I would like to add some information to Josh O'Brien's answer. User can either use aggregate function or tapply depending on output. In order to use more than one factor variable in tapply one can use the method Josh has shown.
Loading dataset
data("mtcars")
Using tapply
with(mtcars, tapply(mpg, list("Cylinder#"=cyl, "Gear#"=gear), sum))
The output of above code is
Gear#
Cylinder# 3 4 5
4 21.5 215.4 56.4
6 39.5 79.0 19.7
8 180.6 NA 30.8
Using aggregate function
with(mtcars, aggregate(mpg, list(Cylinder = cyl, Gear = gear), sum))
Output of aggregate function
Cylinder Gear x
1 4 3 21.5
2 6 3 39.5
3 8 3 180.6
4 4 4 215.4
5 6 4 79.0
6 4 5 56.4
7 6 5 19.7
8 8 5 30.8
Now if the user wants same output as aggregate function but using tapply.

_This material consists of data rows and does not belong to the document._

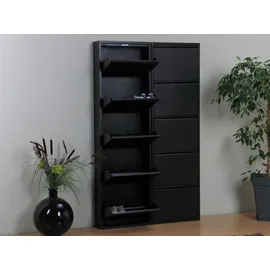 VCM Pisa 100 x 172,5 x 16 cm schwarz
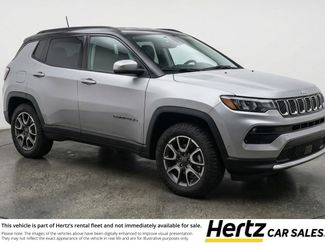 Used 2025 Jeep Compass Trailhawk video 1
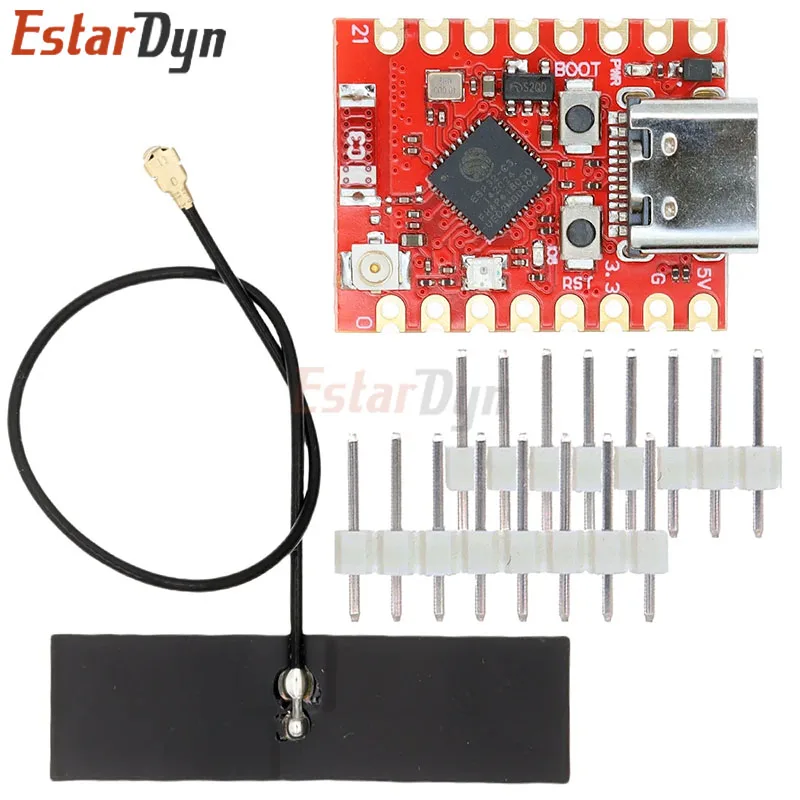 Estardyn ESP32-C3 SuperMini Plus Development Board WiFi Bluetooth ESP32 C3 Super mini V2.0 Red Board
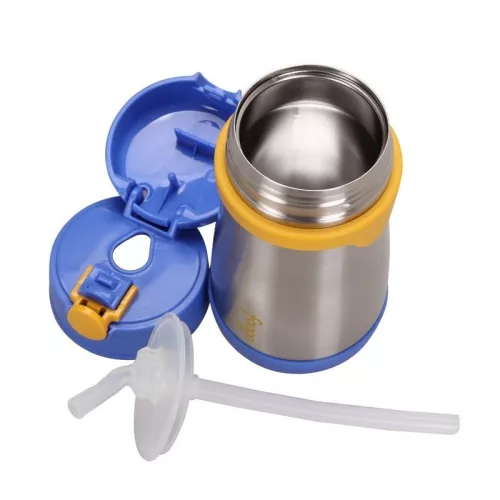 Thermos Foogo Baba termosz - rózsaszín - 290 ml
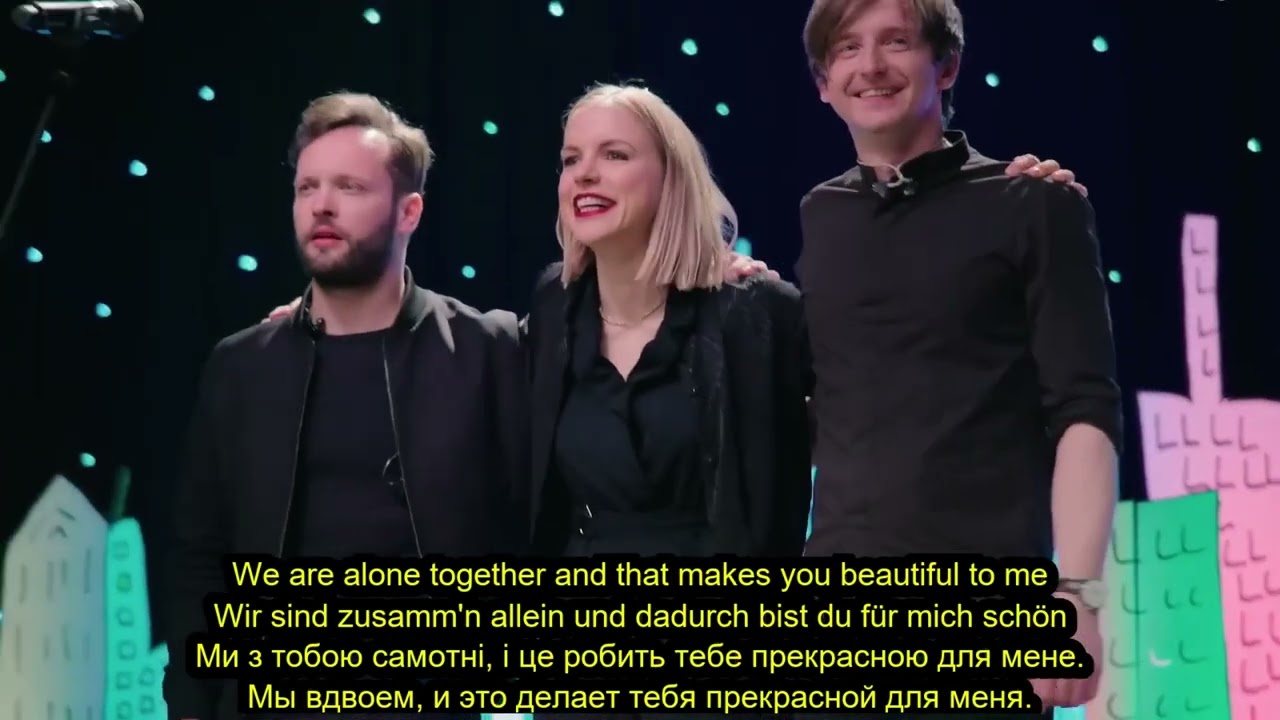 Julia Engelmann - Das Lied (English, Deutsch, УкраЇнська, Русский)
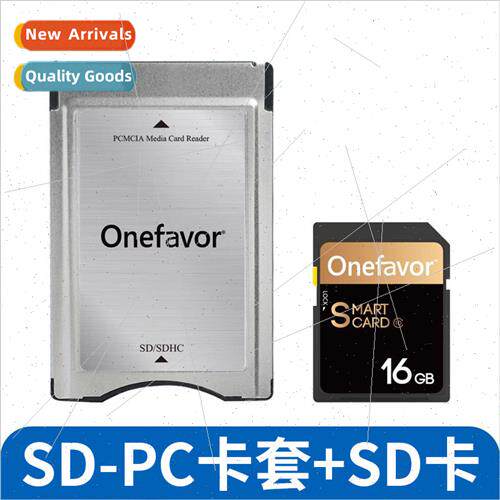 SD-PC Card Holder PCMCIA Adapter Card Holder SD to PC Card S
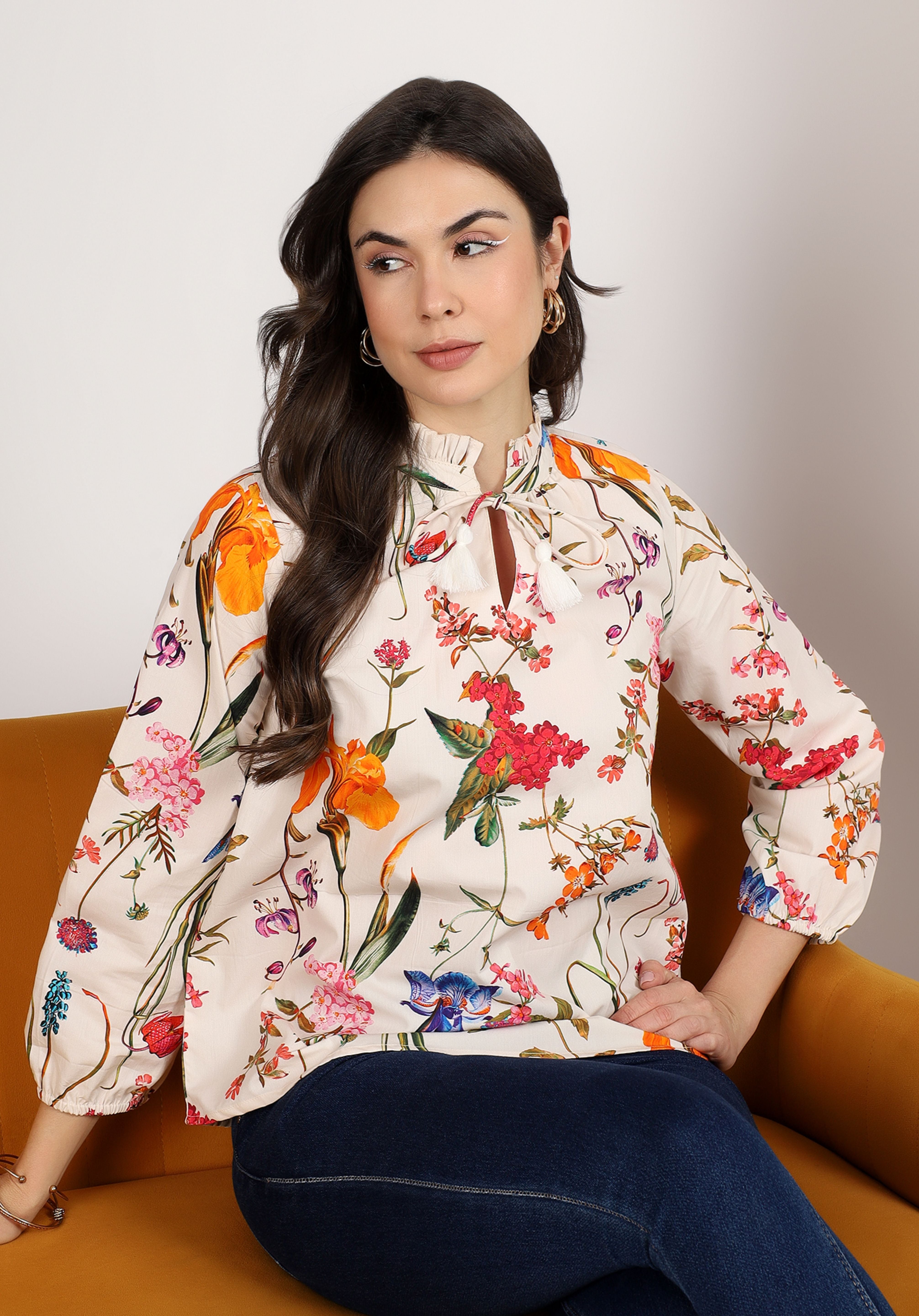 Ivory Kiara Top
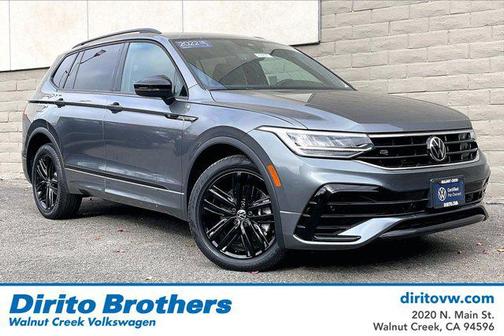 2022 Volkswagen Tiguan 2.0T SE R-Line Black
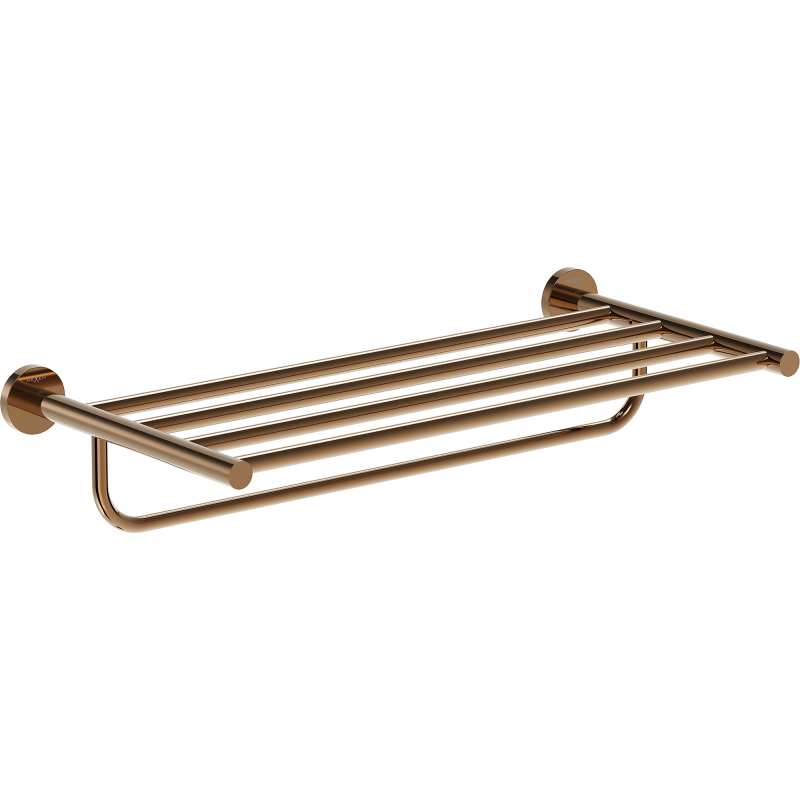 Mexen Ovio dvieļu plaukts, rozā zelts - 70A19581-60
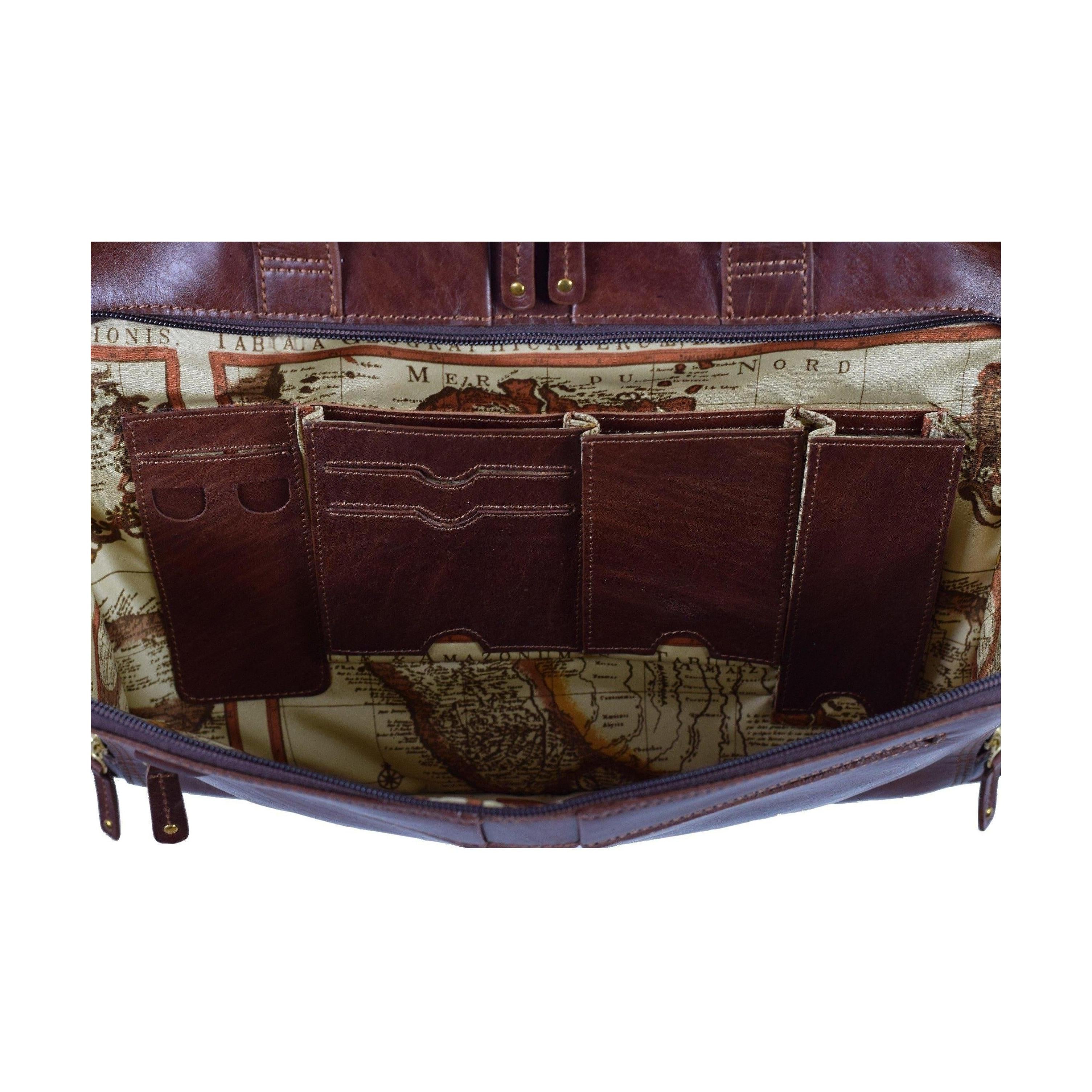 Limited Pro Brief, Briefcase | LAND Leather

as.data.frame(as.table(with(mtcars, tapply(mpg, list("Cylinder#"=cyl, "Gear#"=gear),
sum))))
Output of tapply function
Cylinder. Gear. Freq
1 4 3 21.5
2 6 3 39.5
3 8 3 180.6
4 4 4 215.4
5 6 4 79.0
6 8 4 NA
7 4 5 56.4
8 6 5 19.7
9 8 5 30.8
NA's can be kept or removed as per business requirements.